The reports show that students from the wealthiest areas in the country (known as quintile 5) are more likely to apply to universities in general. The difference between the percentage of students applying from quintile 5 and quintile 4 (second-most privileged) is 10 per cent nationwide. In Cambridge and Oxford, however, the number of students applying from quintile 5 is double of that from quintile 4. When it comes to offer rate, Cambridge shows an even greater disparity than Oxford.

“White” students still have the highest offer rate and “Black” students the lowest. When compared to the national average, “Black” applicants are extremely disadvantaged in Cambridge, similar to the situation “Asian” applicants face in Oxford.

If the Cambridge brochure had been more realistic, it would feature 17 white students, three Asian students, and 0.3 black students. Ten of them would be male and 10 of them would be female. Twelve of them would be able to afford an extra coffee at Starbucks after the photoshoot, five of them would be content with eating out once in a while, three of them would struggle to pay their college bills.

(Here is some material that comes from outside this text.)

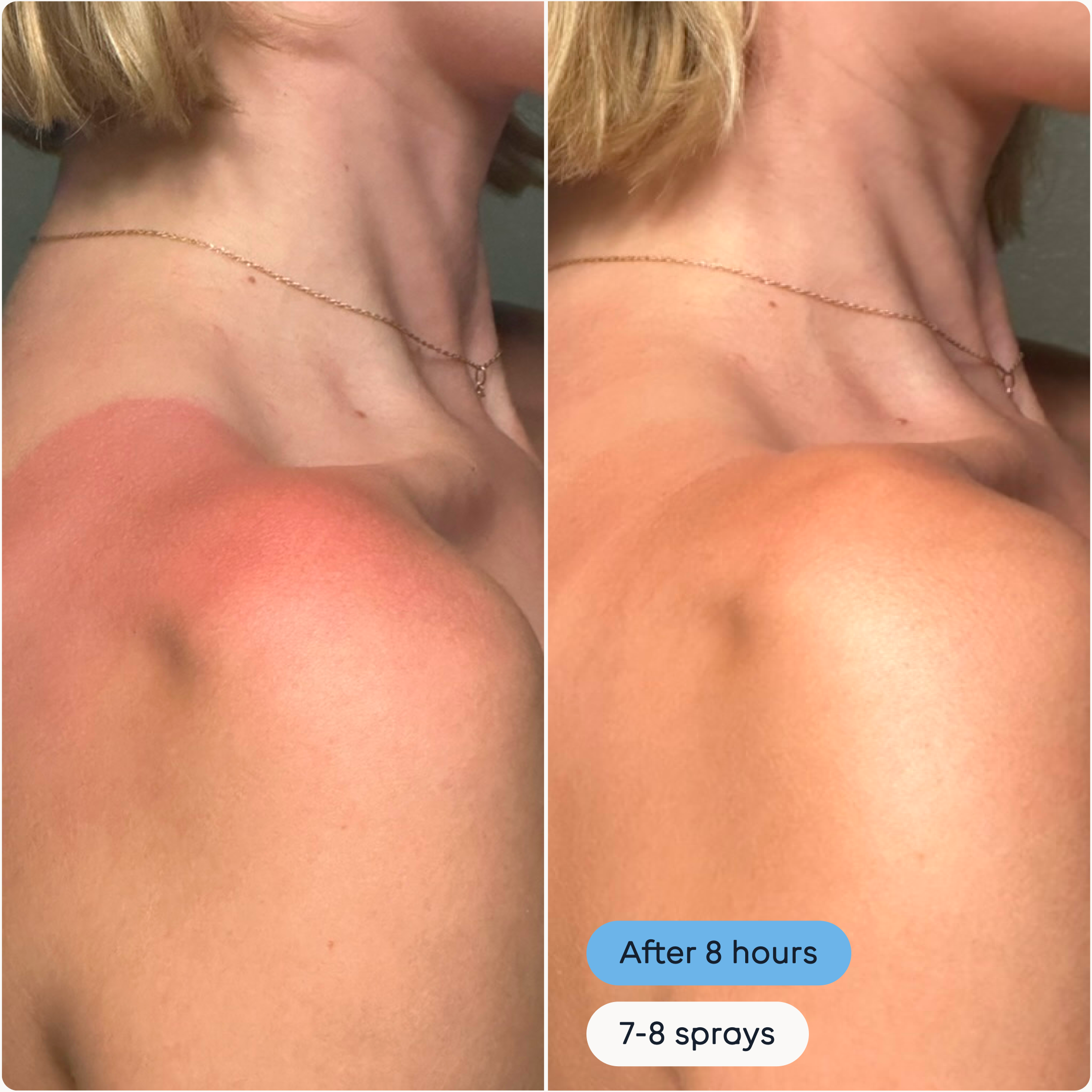 Hypochlorous Acid Antimicrobial Skin Spray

The fact that women are getting more Cambridge offers than men definitely says something good about the education girls receive in this country. I applaud every woman that has made it to Cambridge. You are reversing the centuries-old education tradition that favours men. But above all, I applaud women of colour, women of disadvantaged socio-economic backgrounds and especially women of both who have made it here. You have defied statistics.

When your application is being read by the University’s admissions officers, you are reduced to your name, gender, ethnicity, GCSEs and AS grades on a piece of paper. What could possibly preserve some of your humanity is your photo and your personal statement that follows the same format as everyone else’s. Application statistics fail to tell the stories of men and women alike who are told to or forced to put a check on their ambition, because of their skin colour, their genitalia or how much money their parents have in their bank account. They forget that they could as well be an anomaly.